FRA_F_04 Political Conflict Regulation and Social Cohesion
Objectives/ Research Questions
This project focuses on the political-institutional sources of social cohesion by investigating the relationship between forms of political conflict regulation and social cohesion. Specifically, it is about the question of how conflict regulation affects citizens’ attitudes towards concrete policies and general political regulatory action, i.e. a dimension of social cohesion. We examine this in two conflict-prone fields of political action: (1) the management of religious diversity and (2) the design of infrastructure measures.
(1) The processes of religious demographic change in recent years have accentuated a variety of conflicts over the acceptance of religious diversity. The central working hypothesis is that the acceptance of religious diversity and Muslim immigration is a crucial function of their political regulation (cf. Helbling / Traunmüller 2016). Central to this hypothesis is the question of how state actors regulate religious diversity and in what way they try to let the majority society participate in such decisions. This opens up an analytical perspective that does not primarily focus on the opposition between the host society and religious newcomers – the majority society and the religious minority – but on the conflict between citizens and political elites and is thus directly relatable to current discussions about political polarization and “populism”.

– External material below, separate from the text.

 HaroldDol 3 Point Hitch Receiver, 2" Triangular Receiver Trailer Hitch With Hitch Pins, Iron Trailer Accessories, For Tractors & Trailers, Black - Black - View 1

(2) With infrastructure projects, a field of action comes into view that is already traditionally structured by hard social conflicts. Conflicts, such as the one over Runway 18 West at Frankfurt Airport, have led to a strong willingness to get involved in innovative participation procedures in many of the following conflicts, i.e. participation procedures to let citizens participate directly in planning decisions (cf. Geis 2005; Renn 2013). Although research has produced a large number of studies on these “democratic innovations” (cf. Smith 2009; Geissel / Newton 2012), there is often a lack of comparison with conventional regulatory procedures in order to be able to assess the effects of participation procedures. Our guiding hypothesis is that the effects of participation procedures strongly depend on the types of conflict to which they are applied. We will work on this field of action in close cooperation with project HAN_F_03, which analyses the participation procedure in the context of power line routing over time while comparing different procedures.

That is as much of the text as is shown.